Cross-examined by Mr Sweetman—Had seven men engaged in saving the wreck, claimed £10 for that duty and was awarded £15; had the same number engaged saving the cargo, but they were not employed so long.
W. H. Warriner, examined—Was employed by Captain Martin to take charge of the cargo; was engaged seventeen days including seven nights on that duty; on three of these nights travelled to Cullenstown a distance of seven miles, ie, three and a half going and same returning, for which he claims £10.
Cross-examined by Mr Sweetman—Although the Coast Guard and his eight men were in charge, he took charge, also; the Captain told witness to discharge the Coast Guards; he was after being six days employed; put in a salvage claim for the wreck, amount £15 and was awarded £4; the period that he was employed looking after the wreck was the very time that he was engaged in looking after the cargo; took down the number of the timber and the number of the men employed.
Lieutenant Lett observed that in consequence of Mr Warriner’s statement he felt it his duty to state the cargo was salved when he (Mr Warriner) said that the services of the Coast Guards were not required.
The case having been closed and the room having been cleared of witnesses, the Magistrates remained in deliberation for some time and announced their adjudication as follows:–to the Coast Guards, £10; to Mr Warriner, £4.
Solicitor for the Owners—D. P. Sweetman, Esq.,”

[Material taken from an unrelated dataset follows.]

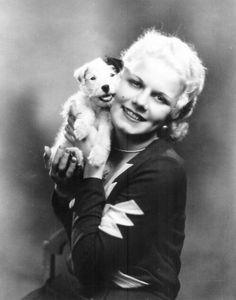 Jean Harlow hugging her Jack Russell puppy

The above is not easily to comprehend in these times: the value of the timber salvaged would hardly pay all those involved in the salvage plus the legal expenses! David Percy Sweetman was the son of Laurence Sweetman of Ballymackessy, Clonroche and his wife the former Eliza Kehoe daughter of the Dublin shipping magnate, Michael Kehoe who was a native of Coolhull, Bannow. Eliza Sweetman was buried in the cemetery at Carrig with her parents. The Magistrate John Greene was variously editor and proprietor of The Wexford Independent and, also, a landlord. He was a comparatively humane man and championed a cause close to my own heart—that of preventing cruelty to animals.
The wrecking of ships of all kinds, in atrocious weather, is a constant theme of newspaper reports in that by-gone ear.